Precision feeding technology has been implemented in piggeries to realise precision nutrition and is an effective way to reduce the amount of nutrient excreted into the environment without compromising growth performance or carcass composition [27]. Precision feeding also allows diets to be adjusted in real time to reflect the pig’s intake and growth [27,28]. Such fine diet control would be particularly effective in broiler production systems due to their extremely rapid growth. These technologies may also generate additional management benefits including easy application of treatments to the flock, automating feed supply and records of feed intake, and reducing ammonia emissions [15], which are also key considerations for broiler production. Precision feeding technologies in piggeries have also allowed real-time prediction and forecasting of future requirements of the pigs throughout their growth via the use of modelling software [29], which may also advantage management of large intensive production systems. With the cost of this technology falling, precision feeding systems are now becoming a possibility for mainstream chicken-meat production. Within the poultry industry, precision feeding technology has been previously implemented in research-based scenarios, albeit sparsely, to assess broiler feed intake and feeding behaviour via feeding stations equipped with electronic balances [30]. However, more recently, precision feeding systems have been employed to manage the feed intake of broiler breeders.

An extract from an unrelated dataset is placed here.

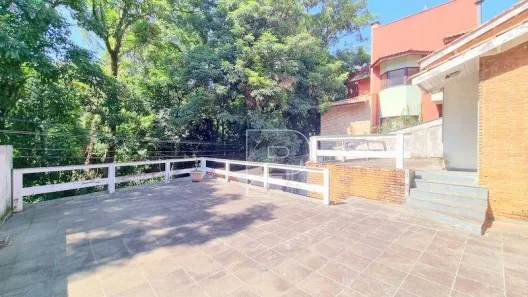 Casa com 4 Quartos à venda, 210m² no Adalgisa, Osasco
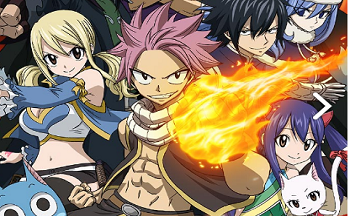 ������β���޾�ð�����а汾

Broiler breeders were offered amounts of feed matched to their daily intake allocation (but not balanced to their daily nutrient requirement) via precision feeding feed stations in Zuidhof et al [31]. Maintaining and restricting daily feed intake is extremely important within breeder production to promote their longevity and fertility. Precision feeding increased feed efficiency by 4.6%, equating to a potential feed saving of >$60 million, in Australian industry terms, by sparing the production of 145,000 tonnes of feed. Additionally, precision feeding of broiler breeders was demonstrated to reduce variation in flock uniformity to less than 2% [32], and may present bird welfare advantages as skip-a-day feeding can be avoided [33]. This control of daily intake was achieved using a precision feeding system developed at the University of Alberta [34] which tracks, weighs and feeds individual broilers based on their current body weight versus their target weight. The advantage of this system is complete control of feed delivered and data for the weight of every individual bird within a flock rather than only flock data. However, with this high level of precision comes an expensive initial cost of the equipment. Nevertheless, in a more expensive bird such as the broiler breeder, ensuring reproductive success with consistent flock uniformity may be worth the initial outlay and the return on investment will continue to improve as technology becomes more affordable.

Zuidhof’s work [31] demonstrates the improvement in performance and control of flock growth that may be achieved when precision feeding technology is incorporated into the breeder management system. However, this is achieved by managing intake in order to precisely control a breeder’s growth, and therefore does not alter the nutrient content of the feed. This system also operates on the individual broiler level. In the utilisation of this concept for broilers, working on a whole-flock level, a different approach may be required.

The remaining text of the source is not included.